▸ **What is required**: In the entries that follow, find every line containing "Jeep" and copy it.

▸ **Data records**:

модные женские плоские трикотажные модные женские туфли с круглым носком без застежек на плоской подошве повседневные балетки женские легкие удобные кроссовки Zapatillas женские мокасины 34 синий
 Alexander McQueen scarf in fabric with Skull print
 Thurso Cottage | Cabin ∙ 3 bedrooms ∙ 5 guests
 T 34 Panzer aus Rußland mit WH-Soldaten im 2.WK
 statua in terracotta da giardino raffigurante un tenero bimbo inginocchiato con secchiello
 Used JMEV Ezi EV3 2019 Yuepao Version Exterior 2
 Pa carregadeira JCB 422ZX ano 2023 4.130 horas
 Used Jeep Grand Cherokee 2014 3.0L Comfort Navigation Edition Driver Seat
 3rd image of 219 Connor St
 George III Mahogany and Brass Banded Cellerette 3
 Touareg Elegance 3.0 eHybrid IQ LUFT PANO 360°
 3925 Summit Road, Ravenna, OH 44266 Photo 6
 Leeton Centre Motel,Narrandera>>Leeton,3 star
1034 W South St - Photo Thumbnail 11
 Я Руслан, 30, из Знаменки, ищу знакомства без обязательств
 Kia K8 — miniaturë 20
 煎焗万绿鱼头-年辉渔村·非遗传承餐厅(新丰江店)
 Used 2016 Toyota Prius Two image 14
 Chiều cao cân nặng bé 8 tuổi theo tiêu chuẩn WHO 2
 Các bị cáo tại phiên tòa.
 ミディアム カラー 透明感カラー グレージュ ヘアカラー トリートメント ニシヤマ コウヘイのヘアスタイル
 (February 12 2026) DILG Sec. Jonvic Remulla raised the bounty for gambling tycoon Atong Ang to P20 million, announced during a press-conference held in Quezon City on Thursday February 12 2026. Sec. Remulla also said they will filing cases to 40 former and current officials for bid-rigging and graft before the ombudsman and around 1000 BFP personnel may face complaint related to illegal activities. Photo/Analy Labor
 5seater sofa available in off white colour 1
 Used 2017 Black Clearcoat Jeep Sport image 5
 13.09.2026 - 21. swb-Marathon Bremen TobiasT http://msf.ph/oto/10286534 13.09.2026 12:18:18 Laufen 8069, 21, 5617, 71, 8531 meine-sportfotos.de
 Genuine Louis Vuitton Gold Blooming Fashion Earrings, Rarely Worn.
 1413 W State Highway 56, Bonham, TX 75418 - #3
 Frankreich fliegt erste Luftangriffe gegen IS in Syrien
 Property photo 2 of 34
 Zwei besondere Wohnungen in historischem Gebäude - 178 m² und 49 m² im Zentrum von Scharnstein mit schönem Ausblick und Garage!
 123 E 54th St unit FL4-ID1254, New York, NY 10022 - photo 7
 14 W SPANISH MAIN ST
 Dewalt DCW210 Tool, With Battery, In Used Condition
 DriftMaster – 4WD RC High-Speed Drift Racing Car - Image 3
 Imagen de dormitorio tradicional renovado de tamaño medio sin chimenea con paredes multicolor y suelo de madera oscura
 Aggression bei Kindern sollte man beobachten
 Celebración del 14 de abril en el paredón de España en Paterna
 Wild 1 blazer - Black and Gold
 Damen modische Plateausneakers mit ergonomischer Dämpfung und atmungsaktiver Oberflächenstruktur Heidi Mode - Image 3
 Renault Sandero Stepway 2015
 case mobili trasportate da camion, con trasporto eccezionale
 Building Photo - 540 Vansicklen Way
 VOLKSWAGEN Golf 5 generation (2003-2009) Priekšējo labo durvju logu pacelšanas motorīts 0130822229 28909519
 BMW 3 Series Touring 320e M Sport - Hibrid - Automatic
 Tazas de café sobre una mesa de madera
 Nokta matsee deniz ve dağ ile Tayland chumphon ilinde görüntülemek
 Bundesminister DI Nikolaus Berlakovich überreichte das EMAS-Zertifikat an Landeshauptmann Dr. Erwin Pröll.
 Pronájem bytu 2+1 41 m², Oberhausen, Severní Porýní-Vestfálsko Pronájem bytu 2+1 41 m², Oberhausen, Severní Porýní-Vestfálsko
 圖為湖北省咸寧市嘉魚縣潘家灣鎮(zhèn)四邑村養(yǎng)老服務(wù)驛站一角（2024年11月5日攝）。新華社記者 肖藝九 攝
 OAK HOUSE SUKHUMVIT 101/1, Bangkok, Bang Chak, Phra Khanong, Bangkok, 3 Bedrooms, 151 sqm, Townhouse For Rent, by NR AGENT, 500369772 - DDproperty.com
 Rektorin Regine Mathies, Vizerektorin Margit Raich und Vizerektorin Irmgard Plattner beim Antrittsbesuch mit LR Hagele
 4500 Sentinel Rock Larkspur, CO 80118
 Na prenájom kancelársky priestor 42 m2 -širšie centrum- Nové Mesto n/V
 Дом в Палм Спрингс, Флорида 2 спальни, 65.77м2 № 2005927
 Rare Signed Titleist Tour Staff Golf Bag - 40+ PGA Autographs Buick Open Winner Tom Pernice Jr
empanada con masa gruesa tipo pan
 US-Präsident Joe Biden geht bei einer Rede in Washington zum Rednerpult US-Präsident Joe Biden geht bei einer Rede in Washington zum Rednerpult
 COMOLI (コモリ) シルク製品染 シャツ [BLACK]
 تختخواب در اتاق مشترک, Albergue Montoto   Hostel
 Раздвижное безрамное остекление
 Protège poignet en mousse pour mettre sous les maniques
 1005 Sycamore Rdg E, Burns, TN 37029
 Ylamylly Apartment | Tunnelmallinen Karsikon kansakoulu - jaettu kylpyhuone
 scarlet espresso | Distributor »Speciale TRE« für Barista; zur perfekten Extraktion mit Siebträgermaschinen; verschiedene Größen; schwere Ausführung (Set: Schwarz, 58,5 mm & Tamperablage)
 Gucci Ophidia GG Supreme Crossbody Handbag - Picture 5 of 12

▸ **Solution**:
 Used Jeep Grand Cherokee 2014 3.0L Comfort Navigation Edition Driver Seat
 Used 2017 Black Clearcoat Jeep Sport image 5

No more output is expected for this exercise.